『キム部長』の悪役イ・ドンハ、特別休暇を辞退して演劇舞台へ挑戦
SBSドラマ『キム部長』で強烈な存在感を放った俳優イ・ドンハが、作品への情熱から特別休暇を辞退し、演劇『かもめ』への出演を決定。妻ソジンとの絆や、イタリア国籍を放棄し大韓民国の兵役を全うしたエピソードも。
俳優のイ・ドンハが、SBSの話題作『キム部長』で強烈な存在感を放った後、すぐさま演劇の舞台へと向かう。作品の準備のためにドラマの特別休暇までも辞退し、演技に対する並外れた情熱を見せて注目を集めている。

イ・ドンハは、来る8月9日から31日までソウル特別市広津区のチケットリンク1975シアターで公演される演劇『かもめ』に出演する。彼はロシアの文豪アントン・チェーホフの代表作において、名声と才能を備えながらも、絶え間ない不安と欲望の中で揺れ動く人気作家トリゴーリン役を演じ、新たな演技の変身に挑む予定だ。
今回の作品のために、イ・ドンハは今年の夏に予定されていた『キム部長』チームの特別休暇にも不参加とすることを決めた。ヒットの喜びを分かち合う場よりも公演の準備を選択することで、俳優としての作品に対する責任感と集中力を示したのだ。
最近終演したSBSの金土ドラマ『キム部長』で、イ・ドンハはチュ・ガンチャン建設(チュ・サンウク分)の代表、チュ・ガンチャンの秘書室長であるナム室長役を演じ、冷徹なカリスマ性を披露した。

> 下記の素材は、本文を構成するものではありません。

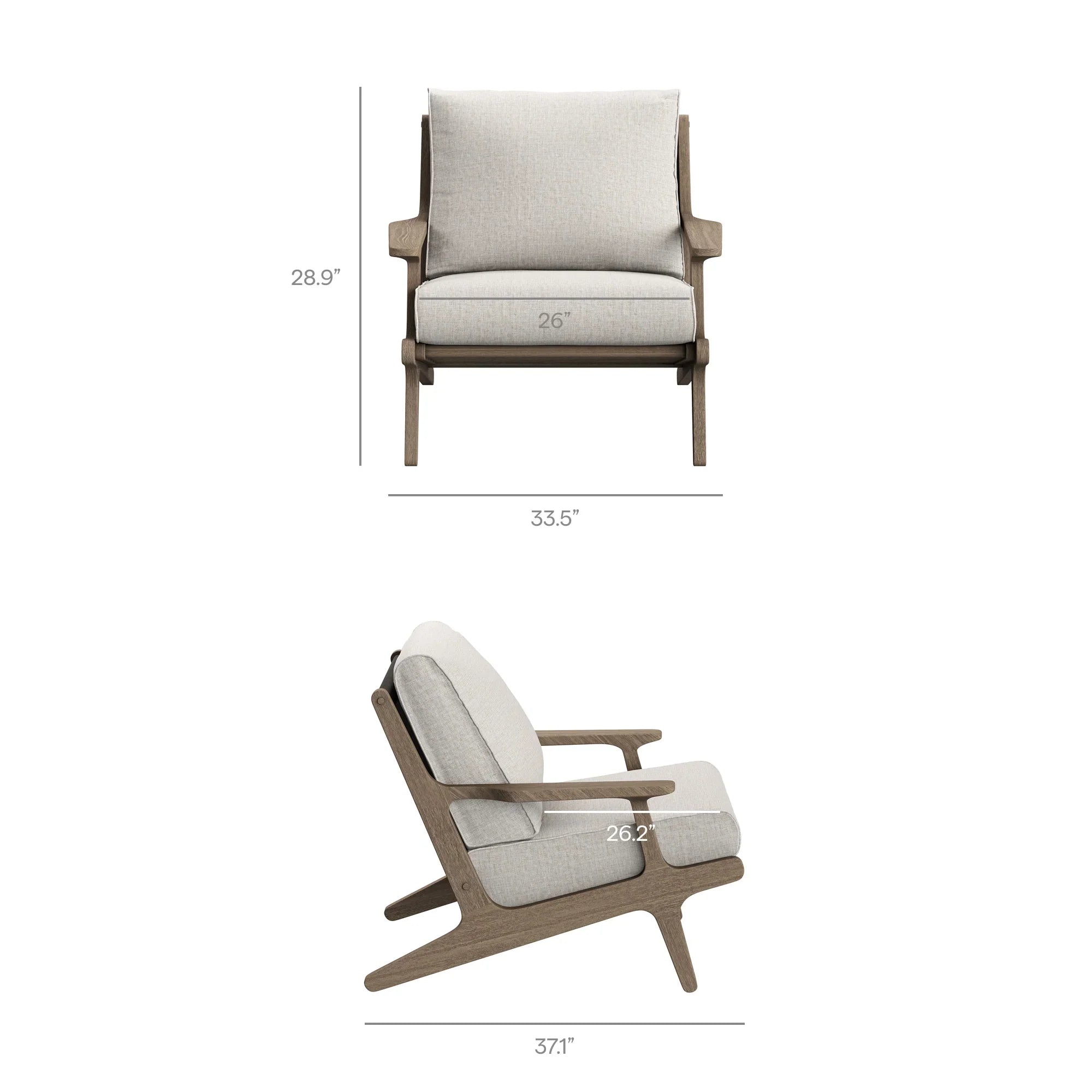 Saratoga 5-Piece Outdoor Teak Wood Furniture Set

感情を容易には表に出さない冷血なキャラクターを繊細に表現して劇の緊張感を高め、強烈な悪役演技で視聴者に深い印象を残した。
ドラマのヒットとともにイ・ドンハへの関心も高まる中、次なるステップとして選んだ作品がチェーホフの古典であるという点も注目を集めている。華やかなアクションドラマとは全く異なる質感の舞台で、人物の複雑な心理と内面を表現しなければならないだけに、さらなる演技の幅を見せてくれることが期待されている。

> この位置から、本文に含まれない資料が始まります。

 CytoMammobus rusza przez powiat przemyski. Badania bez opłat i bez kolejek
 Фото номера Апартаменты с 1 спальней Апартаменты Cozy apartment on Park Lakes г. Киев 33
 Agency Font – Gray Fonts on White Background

イ・ドンハは作品活動だけでなく、妻である俳優のソジンとの結婚生活でも絶えず関心を集めている。彼は2023年にGirl's Day出身の俳優ソジンと結婚し、芸能界を代表する俳優夫婦としての地位を確立した。最近ではソジンも自身のSNSを通じて、夫が出演した『キム部長』を応援するメッセージを投稿し、変わらぬ愛情を露わにして温かい雰囲気を醸し出した。
イ・ドンハの経歴の中で最もよく知られた逸話の一つは、イタリア国籍を放棄して大韓民国の国籍を選択し、兵役の義務を履行したことだ。彼はかつてイタリア国籍を保持していたが、軍服務のために国籍を整理し、その後誠実に兵役を終えた。この事実が後になって知られると、当時も大きな話題となった。
ドラマで冷酷なヴィランとして強烈な印象を残したイ・ドンハは、今度は演劇の舞台でチェーホフが描いた複雑な芸術家の内面を表現し、再び新たな挑戦に乗り出す。ヒット作の余韻を後にし、特別休暇まで辞退して舞台を選んだ彼の選択が、どのような演技へとつながるのか注目が集まっている。